Last night I decided to try cooking this. This is partly a challenge from, and partly a favour for my friend the lovely Jo Brydie who said the other week that she’d never been able to cook a ‘decent’ Massaman curry and asked if I’d have a go and record my results here. So here goes. (Hello Jo!)
I am slightly hamstrung by the fact that I’ve never eaten a Massaman curry so I don’t know what it’s supposed to taste like, nor have I ever tasted Jo’s ‘indecent’ Massaman curry so I don’t know what she thinks is wrong with it. Hey ho! Let’s call it a blind experiment! The end result tasted ok. I haven’t had Alberto’s verdict yet as he was late home from work and didn’t eat until after I’d gone to bed but I thought it was ok.
The recipe I used comes from a little book of Thai recipes that I’ve had for a few years and which my favourite Thai red curry recipe (the one with roasted duck and lychees) comes from. The resulting curry looked a lot less orangey than the one in the picture in the book – whether that’s indicative of failure I don’t know!
2 pieces of cinnamon stick
10 cardamom seeds
2 tablespoons vegetable oil
2 tablespoons of Massaman curry paste (I used 1½ tablespoons as I didn’t want the resulting curry to be too spicy for Alberto.)
800g of beef flank or rump steak, cut into bite-sized cubes (As I was only cooking for 2 I halved this to 400g. I also used braising steak and added about 15 minutes to the cooking time.)
410ml of coconut milk
250ml of beef stock
½ a red pepper, deseeded and diced
2—3 potatoes, cut into 1 inch pieces
2cm piece of ginger, shredded
3 tablespoons of fish sauce
3 tablespoons of palm sugar
110 g roasted salted peanuts, without skin
3 tablespoons of tamarind purée (Sainsbury’s only had tamarind paste – I’m not sure if this is exactly the same thing, but it was my only option at short notice.)

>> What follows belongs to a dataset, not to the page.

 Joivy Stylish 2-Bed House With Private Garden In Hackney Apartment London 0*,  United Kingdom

Dry-fry the cinnamon stick, cardamom seeds and cloves in a wok over a low heat.
Stir all the ingredients around for 2 to 3 minutes or until fragrant. Remove from the pan.
Heat the oil in the same wok and stir-fry the Massaman paste over a medium heat for 2 minutes.

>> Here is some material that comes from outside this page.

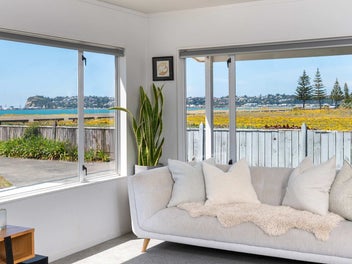 2/64 The Esplanade, Westshore, Napier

Add the beef to the pan and stir for 3-5 minutes, stirring to ensure that it is well coated in the curry paste.
Add the coconut milk, beef stock, potatoes, red pepper, ginger, fish sauce, palm sugar, three-quarters of the roasted peanuts, tamarind purée and the dry-fried spices. Stir well to combine.
Reduce the heat to low and gently simmer for 50 to 60 minutes until the meat is tender and the potatoes are just cooked. (I simmered for a bit longer as I was using a less tender cut of meat)

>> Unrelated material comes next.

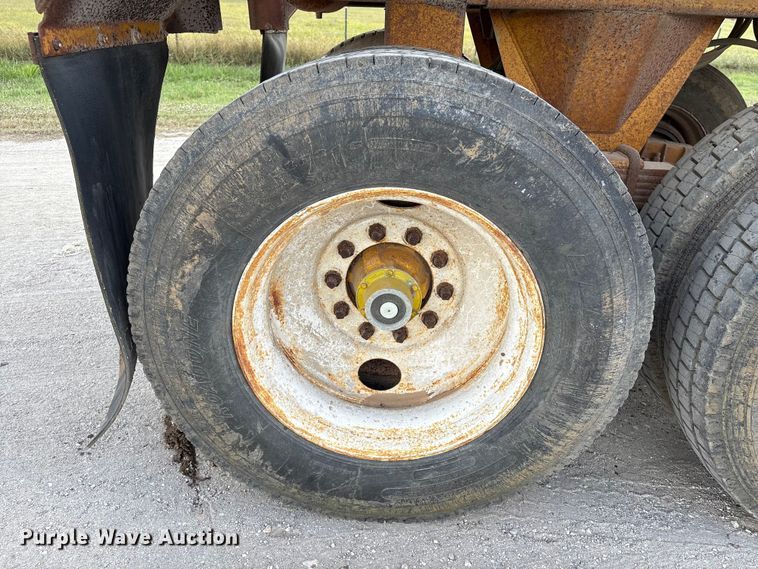 image for item EA7107 1991 Lufkin TD-25 end dump trailer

Taste, then adjust the seasoning if necessary.
Spoon into a serving bowl and garnish with the rest of the roasted peanuts.
Serve with plain rice.
Despite the darker colour I’m pleased with the way that this turned out – it was tasty, full of interesting, but not overpowering flavours and the meat was lovely and tender. The peanuts add a nicely contrasting texture to the creamy sauce. All good. Just don’t bite into a clove!!